A second step is to see how well our independent variable predicts our dependent variable. This is the purpose of simple linear regression
We had the following:
12.2 Intuition
Linear regression is a systematic way to draw a line that best fit the observations we have.
Have you ever learned about the equation of a line? (this is simple linear algebra):
\[ y = a \cdot x + b \]
See here for an example.
In summary:
- \(a\) is the slope of the line.
- \(b\) is the intercept.
When we perform a regression, we calculate the equation of a line. \(y\) is our dependent variable and \(x\) is our independent variable.
\[ y = \beta \cdot x + \epsilon \]
Important:
- Regression is good for prediction, because we can plug our independent variable (x) and see what value we predict for our dependent variable (y).

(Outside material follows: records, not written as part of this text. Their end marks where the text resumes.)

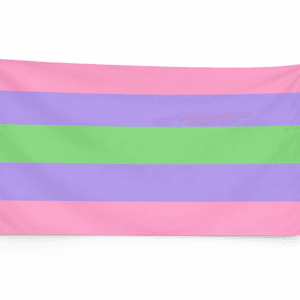 Trigender Pride vlag met roze paarse en groene strepen en ophangringen links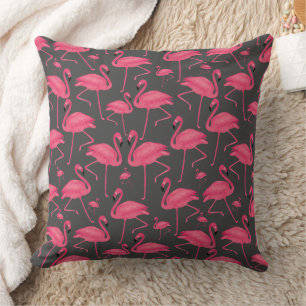 Roze Flamingo Bird Waterverf op donkergrijs ontwer Kussen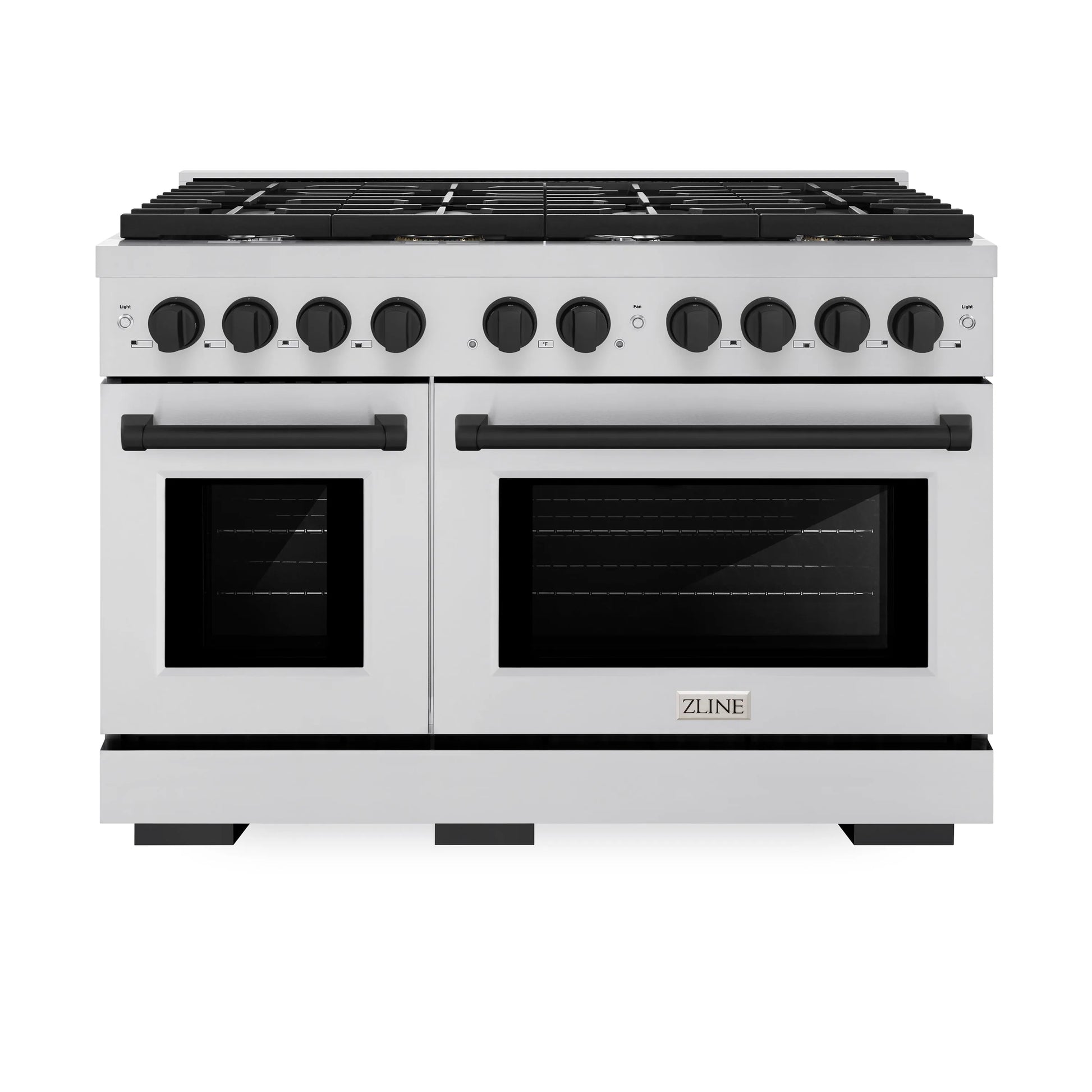 ZLINE Autograph Edition 48 in. 6.7 cu. ft. Paramount Double Oven Gas Range with 8 Burner Cooktop in Stainless Steel and Matte Black Accents, Open Box-Great Condition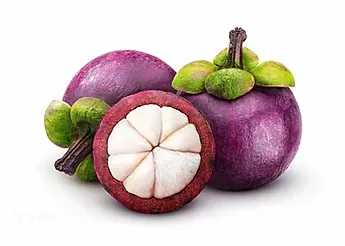 Purple mangosteen fruits, one cut open showing white segments and green stems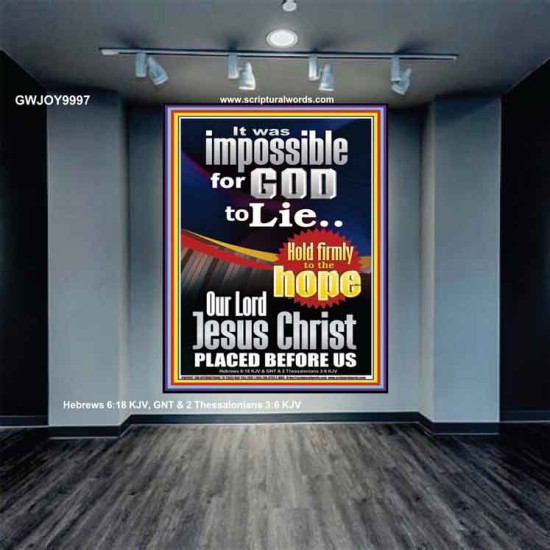 IMPOSSIBLE FOR GOD TO LIE  Children Room Portrait  GWJOY9997  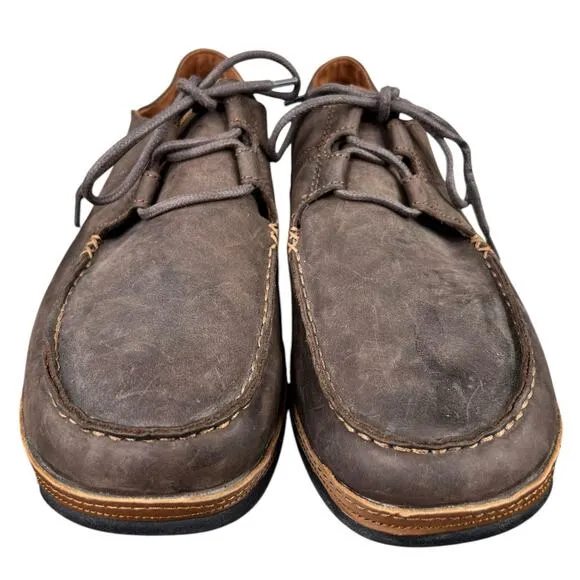 Olukai Men’s Ohana Brown Leather Lace Up Convertible Loafers Size US 11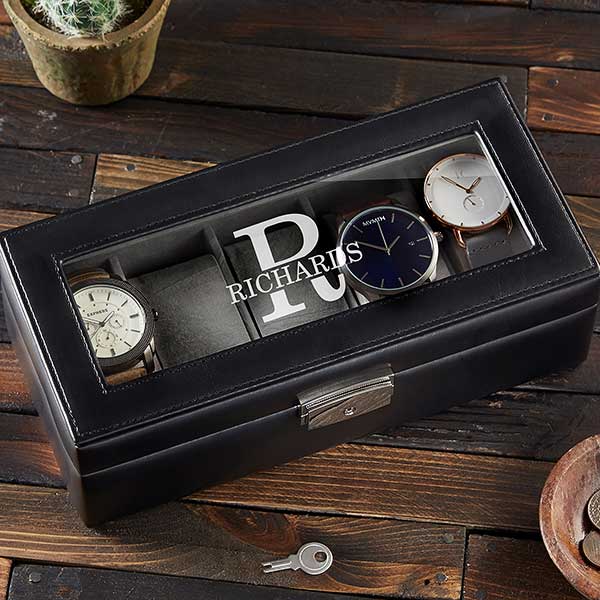 Name & Monogram Personalized Leather Watch Box - 21988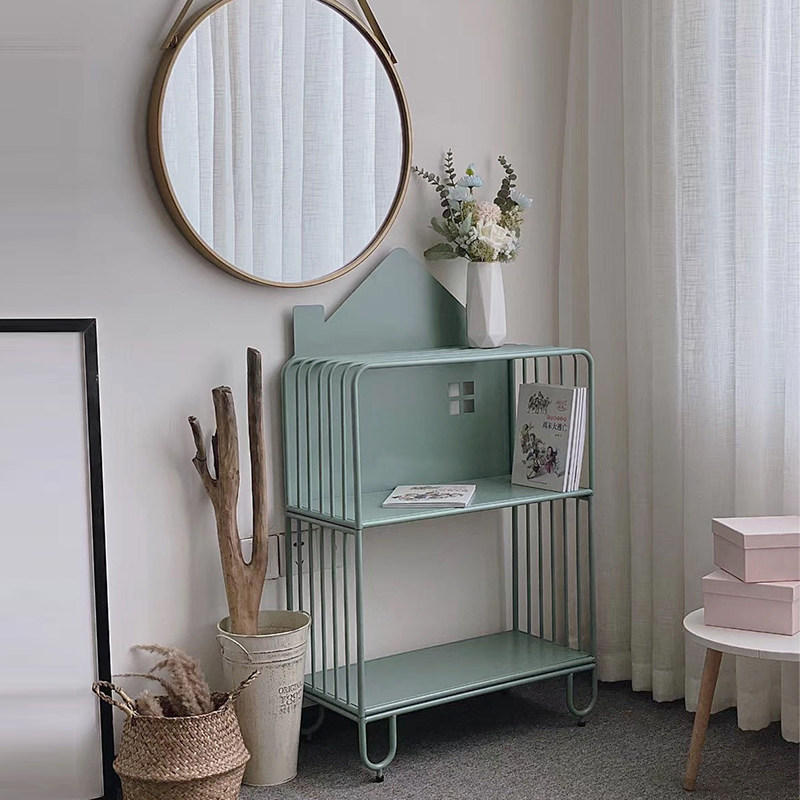 Children's Room Bookshelf Living Room Iron Art Student Bookcase Small Simple Bedroom Toy Collection Racket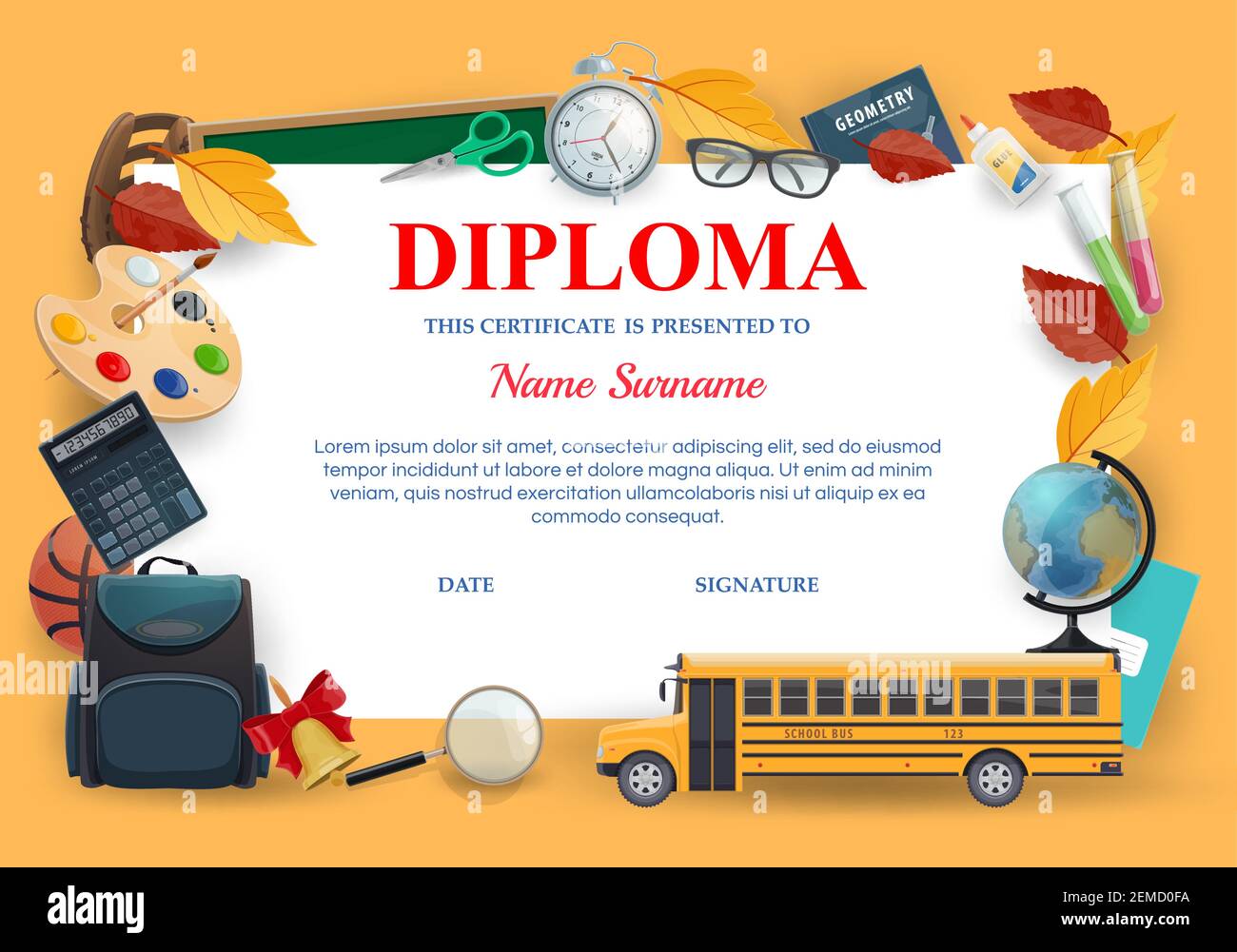 Diploma, school education certificate template, vector preschool and  kindergarten graduate award. Graduation diploma certificate for school  courses wi Stock Vector Image & Art - Alamy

- Whatever is not well predicted by our regression coefficient (\(\beta\)) is captured by the residual (\(\epsilon\)).
12.3 Minimizing sum of square residuals
If you are curious, this is how it works:
12.3.1 Formula and calculations
For your homework, this is what you should do:
\[\hat{\beta} = \frac{ \sum_{i=1}^n (x_i - \bar{x})(y_i - \bar{y}) }{ \sum_{i=1}^n (x_i - \bar{x})^2} \]
| \(x\) | \(y\) | \((x - \bar{x})\) | \((x - \bar{x})^2\) | \((y - \bar{y})\) | \((x - \bar{x})(y - \bar{y})\) |
|---|---|---|---|---|---|
| … | … | … | … | … | … |
| \(\bar{x}\) | \(\bar{y}\) | Sum = | Sum = |
Use the table above to calculate the b coefficient.
Then plug any two values (x,y) and calculate your intercept (a):
\[ y = b \cdot x + a \]
\[ y - b \cdot x = a \]
12.4 Interpretation
- The calculated coefficient tells how many units your dependent variable change if you change your independent variable by 1 unit.
- You should look at your p-value to see the statistical significance of your coefficient. This is calculated by a simple t test.
- Null hypothesis: regression coefficient = 0.
- Your R-squared tells you the percentage of variation in \(y\) that your \(x\) explains.
12.5 Problems with linear regression
This is called the Anscombe’s quartet.
We also have the problem of confounding variables we discussed last time. But this is beyond this course (multiple linear regression).
12.6 Exercise
Using the school dataset, I will illustrate a regression of “api 2000”, a measure of academic achievement, on “avg class size 4-6”.
In other words, we have the following equation:
\[ api00 = \beta \cdot acs_46 + \epsilon \]
Also using the dataset “school_data.sav”, perform and interpret the following simple linear regressions:
- \(api00 = \beta \cdot grad_sch + \epsilon\)
- \(api00 = \beta \cdot enroll + \epsilon\)